IV. Pourquoi, arrivés à l’Âme, ne nous y arrêtons-nous pas et ne la regardons-nous pas comme le premier principe ? C’est que l’Intelligence est une puissance différente de l’Âme et meilleure qu’elle ; or, ce qui est meilleur est antérieur par sa nature. Qu’on ne croie pas, comme le font quelques-uns[2], que ce soit l’Âme qui, arrivée à son état de perfection, engendre l’Intelligence. Comment ce qui est en puissance pourra-t-il être en acte, s’il n’y a un principe qui le fasse passer de la puissance à l’acte ? Car si ce passage s’opérait par hasard, il pourrait ne pas avoir lieu.

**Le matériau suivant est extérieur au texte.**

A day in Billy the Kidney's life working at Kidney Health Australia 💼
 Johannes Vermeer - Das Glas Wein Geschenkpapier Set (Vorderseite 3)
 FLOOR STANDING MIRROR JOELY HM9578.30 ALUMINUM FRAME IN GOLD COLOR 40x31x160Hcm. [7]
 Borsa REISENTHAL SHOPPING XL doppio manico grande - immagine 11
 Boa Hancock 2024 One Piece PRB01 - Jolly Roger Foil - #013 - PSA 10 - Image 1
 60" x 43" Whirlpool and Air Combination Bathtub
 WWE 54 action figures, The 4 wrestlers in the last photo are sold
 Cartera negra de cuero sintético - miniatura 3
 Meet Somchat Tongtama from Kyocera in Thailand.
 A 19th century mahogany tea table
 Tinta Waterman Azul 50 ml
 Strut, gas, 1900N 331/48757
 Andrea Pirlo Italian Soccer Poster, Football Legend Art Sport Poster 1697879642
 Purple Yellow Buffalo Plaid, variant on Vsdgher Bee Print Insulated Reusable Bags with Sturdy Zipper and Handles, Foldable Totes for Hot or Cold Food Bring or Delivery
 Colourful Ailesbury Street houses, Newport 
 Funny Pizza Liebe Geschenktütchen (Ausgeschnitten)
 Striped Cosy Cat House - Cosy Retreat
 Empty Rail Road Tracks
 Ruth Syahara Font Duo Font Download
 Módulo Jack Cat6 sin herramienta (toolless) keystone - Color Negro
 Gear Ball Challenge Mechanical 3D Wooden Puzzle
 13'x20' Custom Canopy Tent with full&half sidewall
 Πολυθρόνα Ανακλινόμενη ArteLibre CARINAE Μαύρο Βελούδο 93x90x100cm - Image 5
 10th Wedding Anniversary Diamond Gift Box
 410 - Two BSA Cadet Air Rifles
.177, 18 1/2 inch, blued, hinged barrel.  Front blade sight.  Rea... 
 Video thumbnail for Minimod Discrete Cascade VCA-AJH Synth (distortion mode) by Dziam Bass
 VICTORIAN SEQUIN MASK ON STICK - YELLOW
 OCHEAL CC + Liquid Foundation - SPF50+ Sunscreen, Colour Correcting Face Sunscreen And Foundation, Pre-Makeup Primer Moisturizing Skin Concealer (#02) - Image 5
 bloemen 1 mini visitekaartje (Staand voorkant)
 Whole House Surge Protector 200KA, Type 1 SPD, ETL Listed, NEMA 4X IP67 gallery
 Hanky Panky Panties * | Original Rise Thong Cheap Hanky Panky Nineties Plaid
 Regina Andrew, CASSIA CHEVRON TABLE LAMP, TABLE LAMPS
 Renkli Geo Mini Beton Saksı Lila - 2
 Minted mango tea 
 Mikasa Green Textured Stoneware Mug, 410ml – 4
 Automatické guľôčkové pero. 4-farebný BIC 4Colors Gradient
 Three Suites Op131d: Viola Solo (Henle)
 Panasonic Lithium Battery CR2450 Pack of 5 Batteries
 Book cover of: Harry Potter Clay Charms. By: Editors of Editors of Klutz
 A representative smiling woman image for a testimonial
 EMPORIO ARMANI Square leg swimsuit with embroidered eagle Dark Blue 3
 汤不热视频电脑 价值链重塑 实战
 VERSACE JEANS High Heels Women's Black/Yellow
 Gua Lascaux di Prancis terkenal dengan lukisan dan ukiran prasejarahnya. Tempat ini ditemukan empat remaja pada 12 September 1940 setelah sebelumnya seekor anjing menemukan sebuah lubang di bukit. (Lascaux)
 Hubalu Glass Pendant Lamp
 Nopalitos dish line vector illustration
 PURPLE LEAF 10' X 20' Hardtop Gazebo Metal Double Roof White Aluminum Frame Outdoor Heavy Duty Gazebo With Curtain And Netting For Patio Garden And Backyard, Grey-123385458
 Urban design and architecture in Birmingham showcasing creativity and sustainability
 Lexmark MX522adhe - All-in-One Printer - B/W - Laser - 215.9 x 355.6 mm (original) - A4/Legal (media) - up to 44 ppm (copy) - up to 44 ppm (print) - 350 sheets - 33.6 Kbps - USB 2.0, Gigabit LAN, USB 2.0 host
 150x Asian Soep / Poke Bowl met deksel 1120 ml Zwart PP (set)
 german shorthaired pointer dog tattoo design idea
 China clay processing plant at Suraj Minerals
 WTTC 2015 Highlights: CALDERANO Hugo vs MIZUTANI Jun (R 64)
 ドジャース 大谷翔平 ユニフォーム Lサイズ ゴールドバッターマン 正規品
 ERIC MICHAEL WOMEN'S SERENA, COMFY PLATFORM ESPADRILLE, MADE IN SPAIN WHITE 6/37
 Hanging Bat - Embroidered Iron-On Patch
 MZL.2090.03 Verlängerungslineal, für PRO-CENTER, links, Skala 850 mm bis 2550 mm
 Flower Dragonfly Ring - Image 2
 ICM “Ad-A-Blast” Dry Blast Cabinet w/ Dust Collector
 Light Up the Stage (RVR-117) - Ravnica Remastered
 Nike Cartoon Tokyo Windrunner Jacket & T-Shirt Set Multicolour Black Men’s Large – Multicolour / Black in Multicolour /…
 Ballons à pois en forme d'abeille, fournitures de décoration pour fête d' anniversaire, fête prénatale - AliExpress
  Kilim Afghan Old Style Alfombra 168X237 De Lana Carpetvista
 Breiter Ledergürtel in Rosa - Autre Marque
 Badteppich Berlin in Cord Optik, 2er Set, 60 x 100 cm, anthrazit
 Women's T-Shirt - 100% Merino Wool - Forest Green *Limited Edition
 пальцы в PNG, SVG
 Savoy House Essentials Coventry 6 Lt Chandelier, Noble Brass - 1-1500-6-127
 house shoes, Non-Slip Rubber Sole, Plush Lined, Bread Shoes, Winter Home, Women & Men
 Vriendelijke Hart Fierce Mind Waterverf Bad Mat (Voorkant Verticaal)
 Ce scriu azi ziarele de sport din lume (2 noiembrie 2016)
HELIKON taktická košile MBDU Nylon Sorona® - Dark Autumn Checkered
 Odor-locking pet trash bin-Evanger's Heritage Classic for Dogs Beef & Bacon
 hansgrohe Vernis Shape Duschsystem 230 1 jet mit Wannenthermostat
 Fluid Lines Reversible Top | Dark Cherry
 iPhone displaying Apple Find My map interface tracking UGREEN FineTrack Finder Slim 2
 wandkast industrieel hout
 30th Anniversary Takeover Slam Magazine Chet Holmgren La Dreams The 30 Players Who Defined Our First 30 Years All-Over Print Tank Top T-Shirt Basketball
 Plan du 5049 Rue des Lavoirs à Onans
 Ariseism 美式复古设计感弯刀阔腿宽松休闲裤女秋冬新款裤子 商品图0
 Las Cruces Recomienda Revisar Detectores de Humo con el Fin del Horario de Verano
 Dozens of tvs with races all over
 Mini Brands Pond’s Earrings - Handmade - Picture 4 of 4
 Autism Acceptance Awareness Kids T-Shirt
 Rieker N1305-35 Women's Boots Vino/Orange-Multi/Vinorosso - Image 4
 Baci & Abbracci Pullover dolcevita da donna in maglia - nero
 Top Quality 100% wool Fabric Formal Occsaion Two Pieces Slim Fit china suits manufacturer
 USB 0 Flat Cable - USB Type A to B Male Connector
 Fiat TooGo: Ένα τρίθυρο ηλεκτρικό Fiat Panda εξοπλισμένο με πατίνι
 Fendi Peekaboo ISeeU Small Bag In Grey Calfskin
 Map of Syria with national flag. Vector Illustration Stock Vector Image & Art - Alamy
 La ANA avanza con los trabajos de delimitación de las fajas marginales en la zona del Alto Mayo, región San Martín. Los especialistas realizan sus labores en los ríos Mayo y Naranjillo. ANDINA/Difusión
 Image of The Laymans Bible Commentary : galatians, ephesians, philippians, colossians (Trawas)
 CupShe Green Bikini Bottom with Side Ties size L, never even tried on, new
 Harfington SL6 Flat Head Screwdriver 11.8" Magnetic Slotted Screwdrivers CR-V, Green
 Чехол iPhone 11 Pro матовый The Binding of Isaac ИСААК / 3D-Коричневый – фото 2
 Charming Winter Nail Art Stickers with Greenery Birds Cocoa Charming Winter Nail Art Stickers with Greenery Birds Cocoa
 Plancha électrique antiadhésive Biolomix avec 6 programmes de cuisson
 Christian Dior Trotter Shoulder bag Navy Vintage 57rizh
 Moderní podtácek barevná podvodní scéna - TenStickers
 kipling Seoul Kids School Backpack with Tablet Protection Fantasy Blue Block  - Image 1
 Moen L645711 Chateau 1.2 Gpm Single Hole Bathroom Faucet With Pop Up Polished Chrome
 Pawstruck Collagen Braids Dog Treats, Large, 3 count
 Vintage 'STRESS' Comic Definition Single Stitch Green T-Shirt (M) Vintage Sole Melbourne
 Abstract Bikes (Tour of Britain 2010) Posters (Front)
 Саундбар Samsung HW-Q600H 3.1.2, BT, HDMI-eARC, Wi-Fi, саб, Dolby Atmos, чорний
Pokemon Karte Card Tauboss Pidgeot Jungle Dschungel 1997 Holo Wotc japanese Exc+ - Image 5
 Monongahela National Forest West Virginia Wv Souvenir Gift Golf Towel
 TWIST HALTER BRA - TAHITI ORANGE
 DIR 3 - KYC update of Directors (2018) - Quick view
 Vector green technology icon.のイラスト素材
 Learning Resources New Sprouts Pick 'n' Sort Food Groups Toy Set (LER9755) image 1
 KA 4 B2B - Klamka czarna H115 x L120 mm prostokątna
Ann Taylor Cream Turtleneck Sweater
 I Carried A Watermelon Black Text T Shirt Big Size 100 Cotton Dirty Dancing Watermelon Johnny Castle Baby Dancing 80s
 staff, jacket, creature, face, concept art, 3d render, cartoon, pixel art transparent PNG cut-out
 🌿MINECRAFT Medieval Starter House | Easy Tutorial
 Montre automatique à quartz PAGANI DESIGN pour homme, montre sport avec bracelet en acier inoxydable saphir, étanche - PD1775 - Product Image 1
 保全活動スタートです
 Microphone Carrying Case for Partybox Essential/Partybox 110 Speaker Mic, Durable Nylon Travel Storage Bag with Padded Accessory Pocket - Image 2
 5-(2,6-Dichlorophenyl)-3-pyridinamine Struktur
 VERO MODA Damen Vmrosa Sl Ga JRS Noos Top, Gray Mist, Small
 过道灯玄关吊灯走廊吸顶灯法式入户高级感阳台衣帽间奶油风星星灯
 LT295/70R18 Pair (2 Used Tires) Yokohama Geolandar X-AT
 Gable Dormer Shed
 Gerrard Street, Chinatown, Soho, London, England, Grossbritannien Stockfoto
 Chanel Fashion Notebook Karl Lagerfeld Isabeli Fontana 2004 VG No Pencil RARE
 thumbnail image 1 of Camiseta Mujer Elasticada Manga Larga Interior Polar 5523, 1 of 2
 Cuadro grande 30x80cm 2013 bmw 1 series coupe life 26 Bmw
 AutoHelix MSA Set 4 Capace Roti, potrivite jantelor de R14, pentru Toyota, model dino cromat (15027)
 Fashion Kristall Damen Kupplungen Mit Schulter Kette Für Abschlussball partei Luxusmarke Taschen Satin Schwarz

Il faut donc accorder le premier rang à ce qui est en acte, qui n’a besoin de rien, qui est parfait, et placer au second rang les choses imparfaites. Celles-ci sont rendues parfaites par les principes qui les ont engendrées, lesquels remplissent à leur égard un rôle paternel, en rendant parfait ce que dans l’origine ils avaient engendré imparfait. Ce qui est ainsi engendré est matière par rapport au principe créateur, puis devient parfait en recevant de lui la forme. D’ailleurs, l’Âme subit la passion ; or il faut qu’il y ait quelque chose d’impassible, sans quoi tout serait dissous par le temps ; il doit donc y avoir un principe antérieur à l’Âme. Ensuite, l’Âme est dans le monde ; or, il doit y avoir quelque chose qui demeure hors du monde, qui soit par conséquent supérieur à l’Âme : car, puisque ce qui est dans le monde est dans le corps, dans la matière, s’il n’y avait rien hors du

  1. Voy. Enn. III, liv. VIII, § 3 et 7 ; t. II, p. 215 et 224.
  2. Creuzer pense que Plotin désigne ici Anaxagore ou Démocrite. Nous croyons qu’il s’agit des Stoïciens, parce que notre auteur les réfute par les mêmes arguments dans l’Ennéade IV, liv. VII, § 8, n° 14 ; t. II, p. 457-459.